The night air before Easter Sunday was saturated with anticipation. Two months of fasting by members of the Ethiopian Orthodox Church was about to come to an end.
Blaring loud speakers perched outside the church broke the quiet space with chanting that sounded more like a call to prayer from a Mosque.
Ethiopian Orthodox Christianity dates back to the fourth century and has a set of beliefs that make it unique.
One of the more interesting aspects of the church is its roots with Judaism. In each church is a tabot or replica of the Ark of the Covenant. Each church has one replica of the two tablets the Ten Commandments were written on. They are unveiled only on the holiest of days.
Easter is a large celebration for the church with a mass that lasts throughout the night into early Easter morning.
Around 11 p.m. with a fellow traveler from Austria I had met earlier, we walked up a long hill that had nightclubs blasting music from their open doors (apparently the fasting ended early for some) until we came to St. George Cathedral. At the entrance of the church was a gate where a woman sat on the ground selling long, narrow, yellow candles. After purchasing a couple of candles we walked into the churchyard.
The entire area was filled with people dressed or wrapped in white cloth, most holding burning candles. A beautiful sight of burning lights penetrating darkness filled the space. Some knelt and bowed, others sat, while others curled up on the top of mats, as the chanting blared out from the speakers.

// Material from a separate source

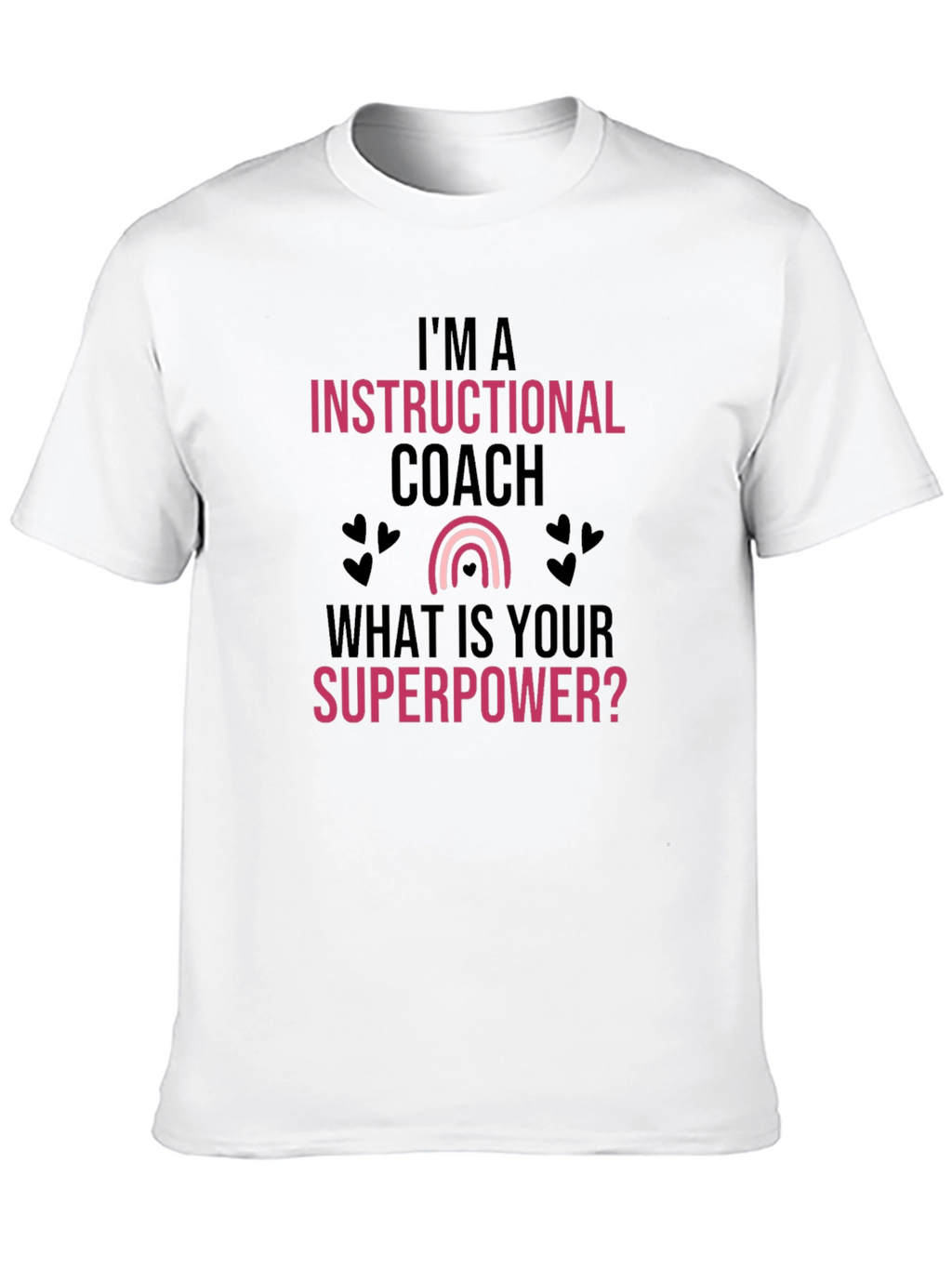 Instructional Coach Superpower T-Shirt
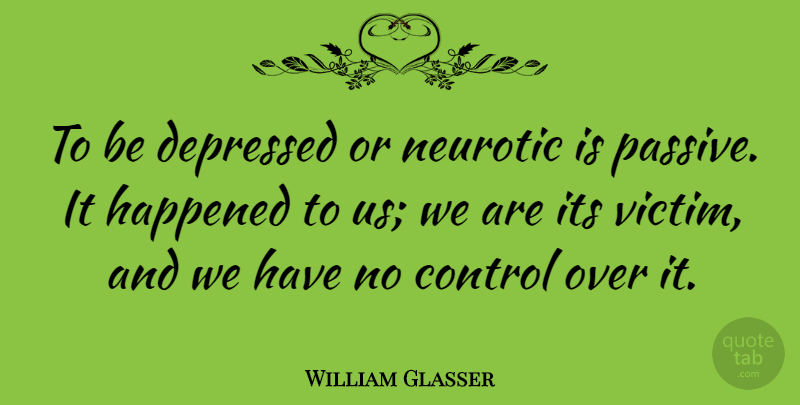 William Glasser Quote About Victim, Over It, Passive: To Be Depressed Or Neurotic...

A group of young people spotted us, and waived their hands to join them on their mat. They smiled and welcomed us into their space. One of them began asking us questions in the tone of a whisper to learn about the two who looked a little out of place. They were pleased we came to learn about this special day in their religion.
It was refreshing to be inside the peaceful space. After sitting quietly, we decided an hour was enough and left the devoted to spend the night.
At the end of the service the fast is broken and the party begins. Goats, cows and chickens are slaughter and beer is drunk, as family and friends gather to celebrate Easter.
Although the Monday after Easter Sunday isn’t a holiday, many take it off to recover from the festivities.
I asked Tina Bekele, the young entrepreneur who runs the Internet cafe I frequent what Easter meant to her. She replied, “It is a happy time to spend with family and friends where we laugh and talk, and to celebrate a special day in our religion.”